* [Try it]: Please print exactly the lines from the line containing "Cartoons Dachshund Bulldog" through the end of the data, no more, and keep pictures out of the copy.

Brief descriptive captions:
************

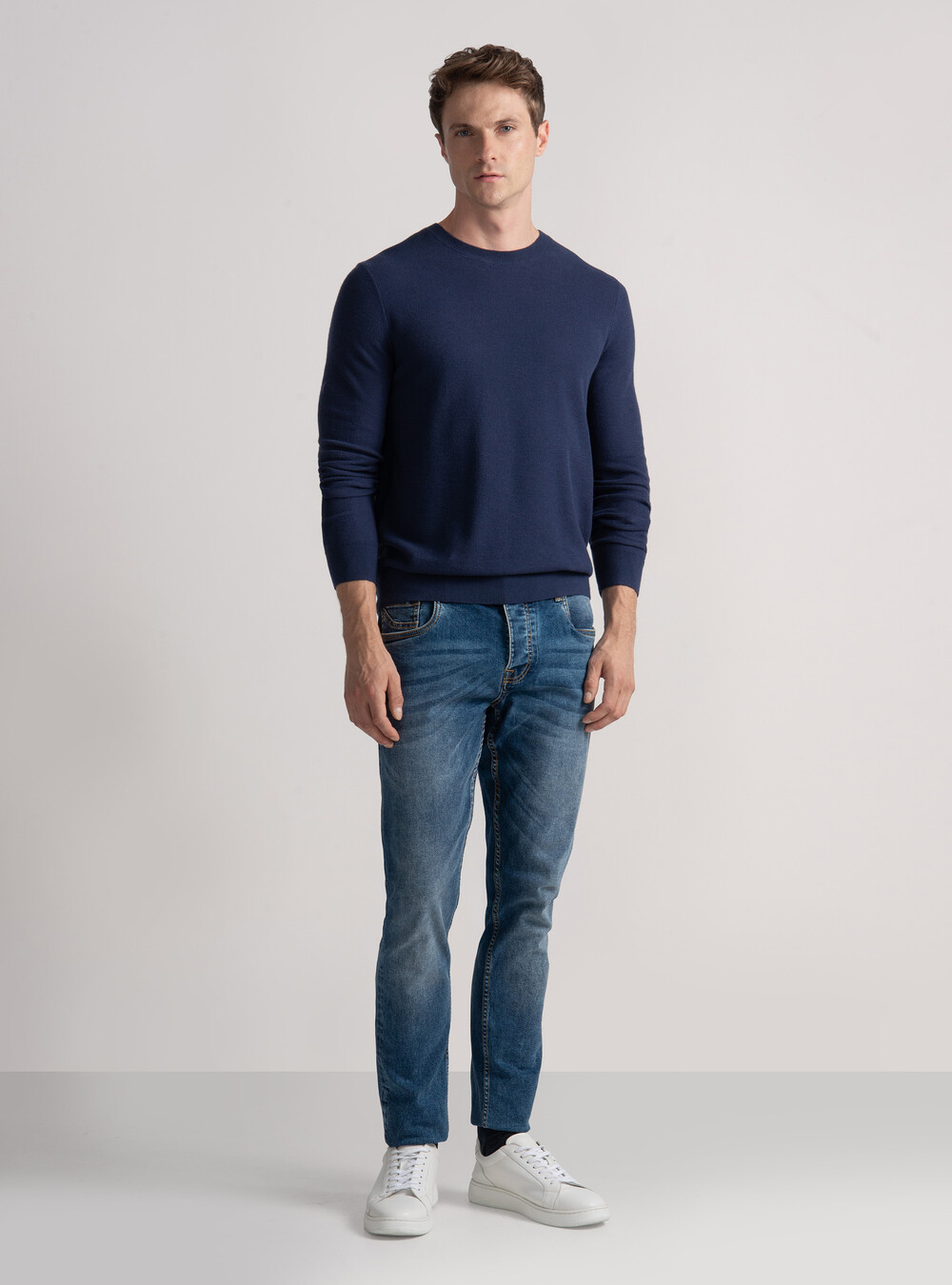 Maglia girocollo nido d'ape in cotone cashmere, INCHIOSTRO Maglia girocollo nido d'ape in cotone cashmere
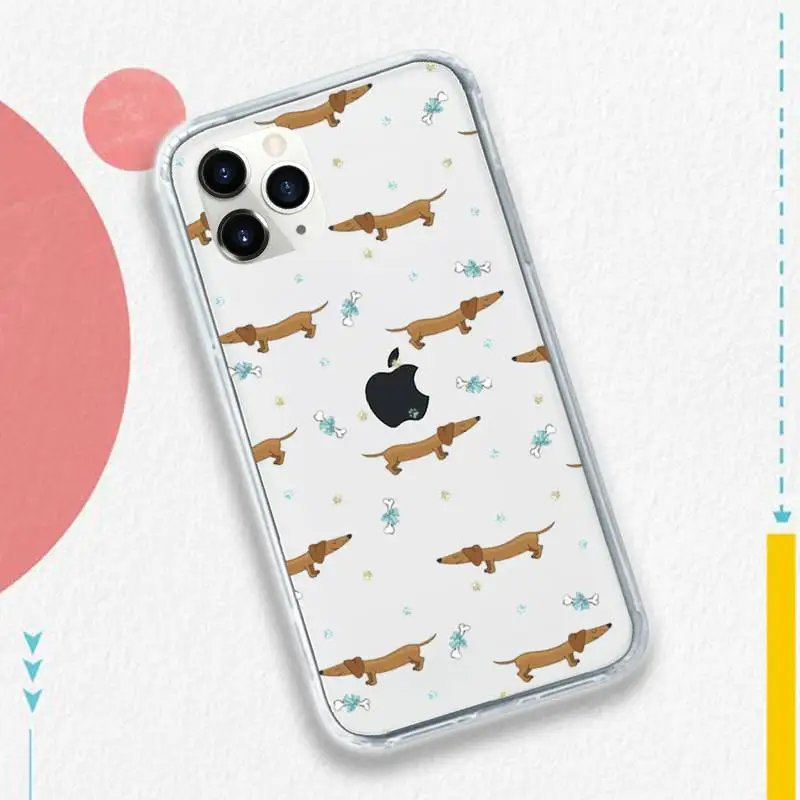 

Cartoons Dachshund Bulldog Phone Case Transparent soft For iphone 5 5s 5c se 6 6s 7 8 11 12 plus mini x xs xr pro max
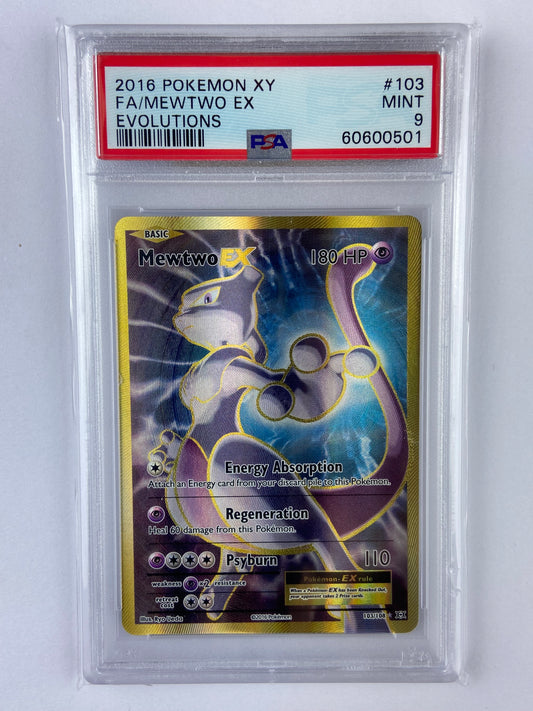 Mewtwo EX Evolutions Full Art 103/108 PSA 9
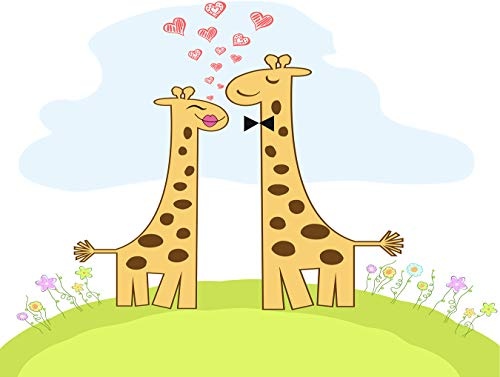 Bilderdepot24 Fototapete selbstklebend Kinderbild - Verliebte Giraffen II Cartoon sephia 130x100 cm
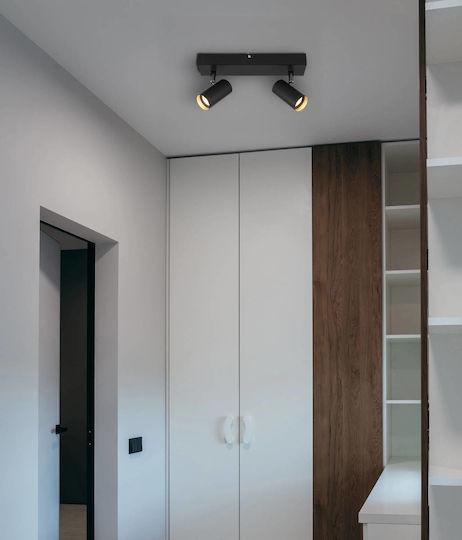Globo Lighting Dublu Spot Led Alb Cald Pe Negru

************

* [Solution to this task]:
Cartoons Dachshund Bulldog Phone Case Transparent soft For iphone 5 5s 5c se 6 6s 7 8 11 12 plus mini x xs xr pro max
 Mewtwo EX Evolutions Full Art 103/108 PSA 9
 Bilderdepot24 Fototapete selbstklebend Kinderbild - Verliebte Giraffen II Cartoon sephia 130x100 cm
Globo Lighting Dublu Spot Led Alb Cald Pe Negru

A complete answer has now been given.